======== Records shown ========

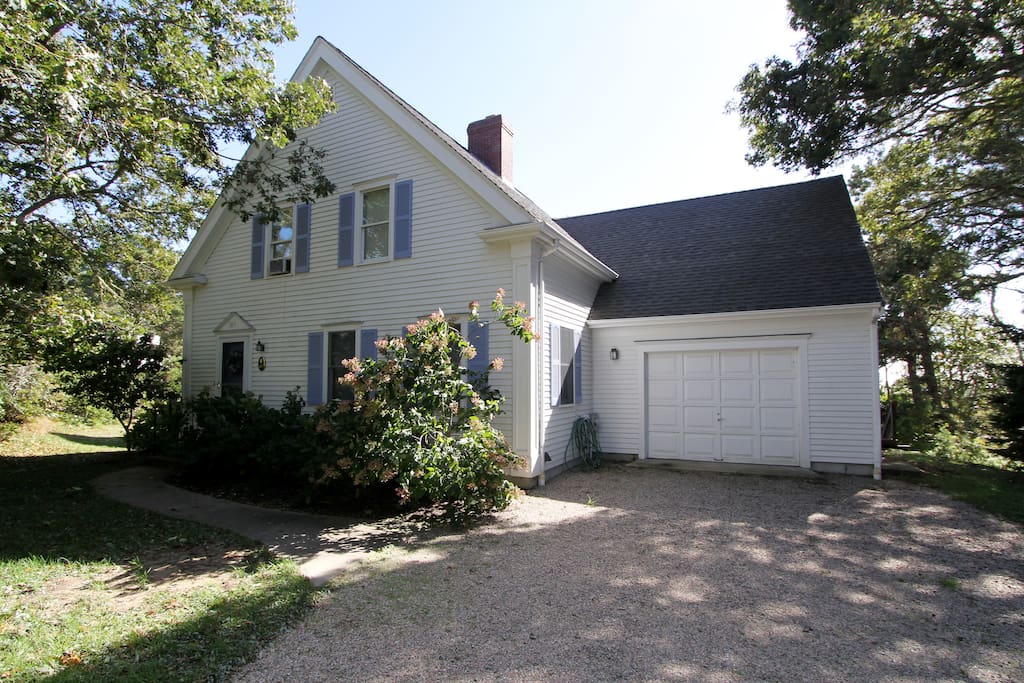 Classic Blue and White Cape, tree-lined street and yard, driveway for 3 or 4 cars (garage not available).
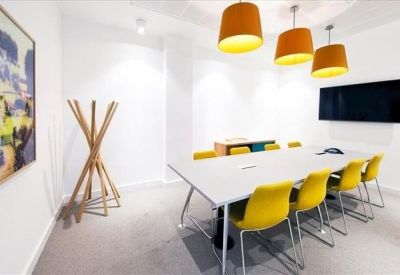 Modern meeting room with yellow chairs and large screen.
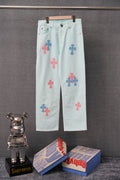 Light blue denim pants with colorful cross patches, button and zipper front.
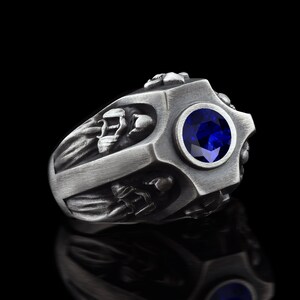 Könnte beinhalten: Ein silberner Ring mit einem blauen Edelstein und filigranen Details. Der Ring hat ein Kreuzdesign mit Figuren auf jeder Seite.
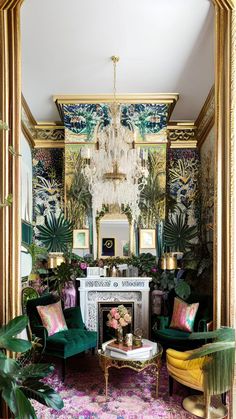 a living room filled with green furniture and lots of greenery on the wall behind it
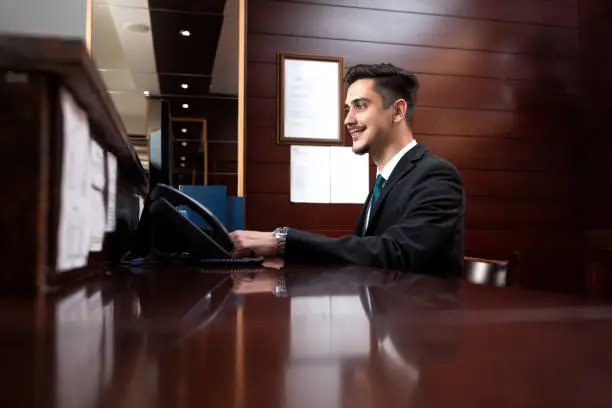 Young receptionist coordinating front-desk activities, hotel service management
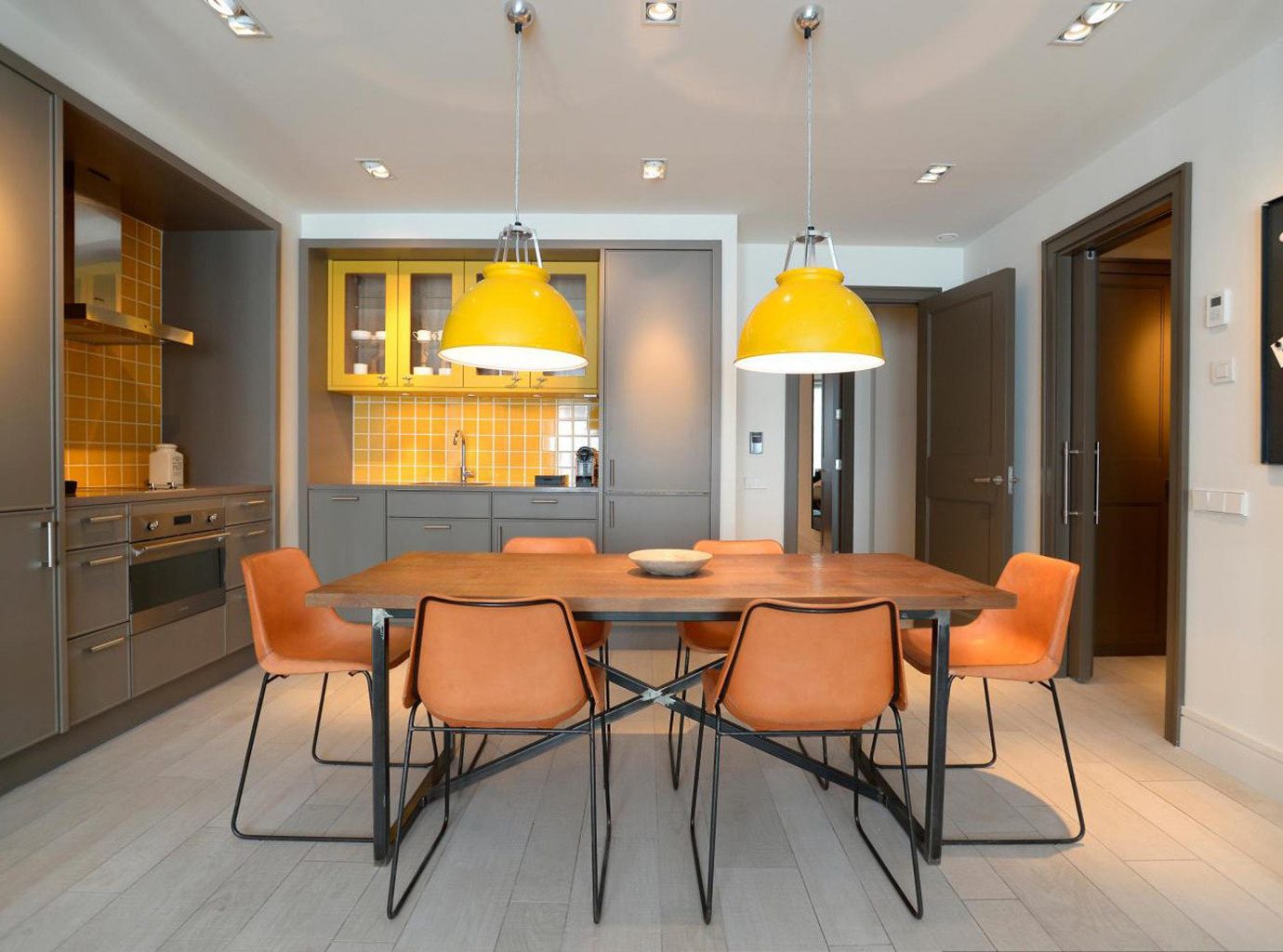 property living room home hardwood Kitchen cabinetry orange condominium Bedroom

========

How to complete this task: Every line above gets copied exactly; none of the pictures do.

Task output:
 Classic Blue and White Cape, tree-lined street and yard, driveway for 3 or 4 cars (garage not available).
 Modern meeting room with yellow chairs and large screen.
 Light blue denim pants with colorful cross patches, button and zipper front.
 Könnte beinhalten: Ein silberner Ring mit einem blauen Edelstein und filigranen Details. Der Ring hat ein Kreuzdesign mit Figuren auf jeder Seite.
 a living room filled with green furniture and lots of greenery on the wall behind it
 Young receptionist coordinating front-desk activities, hotel service management
 property living room home hardwood Kitchen cabinetry orange condominium Bedroom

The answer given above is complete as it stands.